Pictorial design diagrams, or graphic circuit diagrams are essentially the exact identical thing with the exact same purpose, however they use pictures of components within the circuit rather than symbols. Again, here is the identical specific circuit (virtually except a controller was inserted and they're using conductors L1 and L3 instead of L1 and L2.
Right, Less clutter? I've got enough information in all these diagrams to know just what this circuit does and where to start looking for problems. Hope that this helps. ( Note: do not confuse lecture or circuit diagrams together with wiring diagrams; wiring diagrams will typically demonstrate images of elements like the pictorial, and also the way the entire or part of a circuit will be wired. The distinction is that wiring diagrams usually place an emphasis on actual physical location of necessary elements relative to each other that basically tell a layman Just What to do about the wiring. )
Following is a specialized version of a diagram known as a ladder structure. The principle point of this diagram will be to show the logic (speaking to electric control) of a circuit. This diagram is the one that I mainly come across in my own line of work, and it's very successful for troubleshooting issues or learning the way the circuit works. Some circuits are so huge that most types of schematic diagrams have to be recorded in increments in novel form (normally with coded numbers so that info can be easier found). Again, here's the identical precise circuit as the first 2, however, considering it in ladder type.

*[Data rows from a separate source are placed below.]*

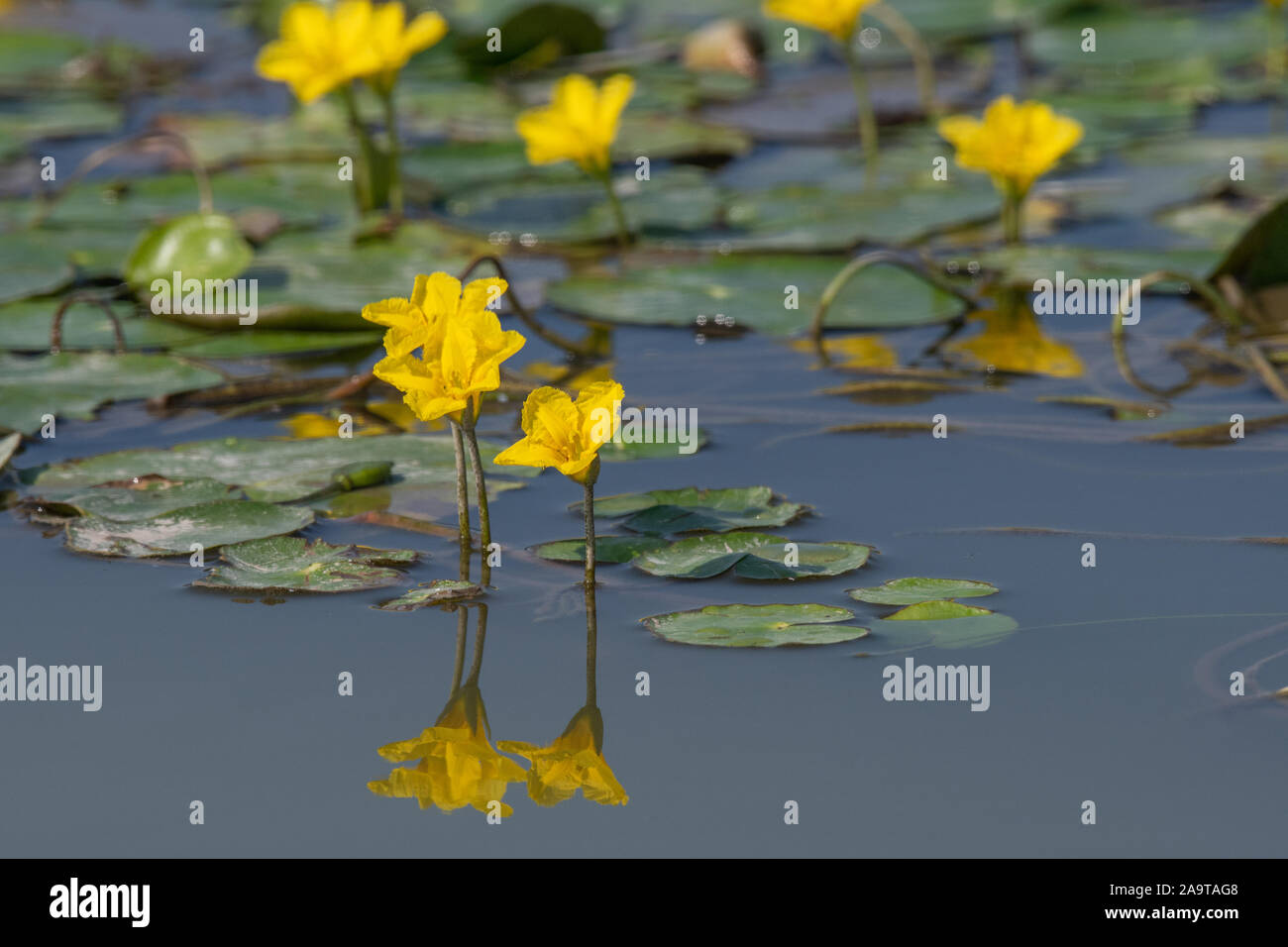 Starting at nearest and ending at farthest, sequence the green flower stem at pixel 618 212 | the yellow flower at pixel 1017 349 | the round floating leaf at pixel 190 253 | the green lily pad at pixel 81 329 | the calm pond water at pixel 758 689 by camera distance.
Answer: the calm pond water at pixel 758 689 → the yellow flower at pixel 1017 349 → the green lily pad at pixel 81 329 → the round floating leaf at pixel 190 253 → the green flower stem at pixel 618 212

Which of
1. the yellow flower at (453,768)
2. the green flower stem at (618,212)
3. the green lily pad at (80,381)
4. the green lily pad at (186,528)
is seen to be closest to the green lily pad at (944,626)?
the yellow flower at (453,768)

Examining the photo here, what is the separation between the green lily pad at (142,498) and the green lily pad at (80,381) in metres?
0.39

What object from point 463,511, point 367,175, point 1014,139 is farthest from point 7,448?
point 1014,139

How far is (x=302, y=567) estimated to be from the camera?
8.05 feet

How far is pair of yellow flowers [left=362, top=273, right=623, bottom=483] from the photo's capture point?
2211 mm

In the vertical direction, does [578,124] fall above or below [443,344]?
above

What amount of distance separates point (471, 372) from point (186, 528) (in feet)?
2.02

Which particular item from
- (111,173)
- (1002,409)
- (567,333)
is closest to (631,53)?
(111,173)

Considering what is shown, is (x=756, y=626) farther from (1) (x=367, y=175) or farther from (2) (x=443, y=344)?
(1) (x=367, y=175)

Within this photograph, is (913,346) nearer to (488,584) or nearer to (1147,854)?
(488,584)

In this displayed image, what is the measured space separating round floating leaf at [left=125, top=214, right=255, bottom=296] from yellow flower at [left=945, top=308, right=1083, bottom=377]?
5.30ft

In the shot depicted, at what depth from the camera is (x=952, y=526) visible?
8.51 ft

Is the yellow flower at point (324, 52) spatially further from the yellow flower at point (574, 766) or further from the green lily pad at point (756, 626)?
the yellow flower at point (574, 766)

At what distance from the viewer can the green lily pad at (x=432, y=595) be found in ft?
7.68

Think of it this way; a circuit diagram is any kind of diagram that illustrates the way the circuit operates where the primary goal is that the proper wiring of components and their connection to each other rather than physical place relative to each other or intending prototypes. However, in some applications classifying diagrams can be hard so do this as general advice. I've discovered this is especially true when dealing with more complicated circuits and electronic equipment. I'm going to use a more straightforward but typical industrial circuit since these circuit setups are exactly the same, but where it is possible to see how each type of diagram indicates the operation of the circuit in their own ways.
Here's another schematic diagram demonstrating precisely the same circuit, components and connections and it looks different but they both fall into precisely exactly the exact same category.
A schematic diagram refers to a specific type of circuit diagram that utilizes standard electrical/electronic symbols rather than pictures to show the way the circuit (or part of it) functions. Below is a typical 3-wire motor controller circuit employing a normal short stop stop - start pushbutton channel utilizing a schematic diagram. (Momentary this means the button/switch you activate will go back to its default location once you let go of it, usually by a spring which forces the button/switch to get this done.)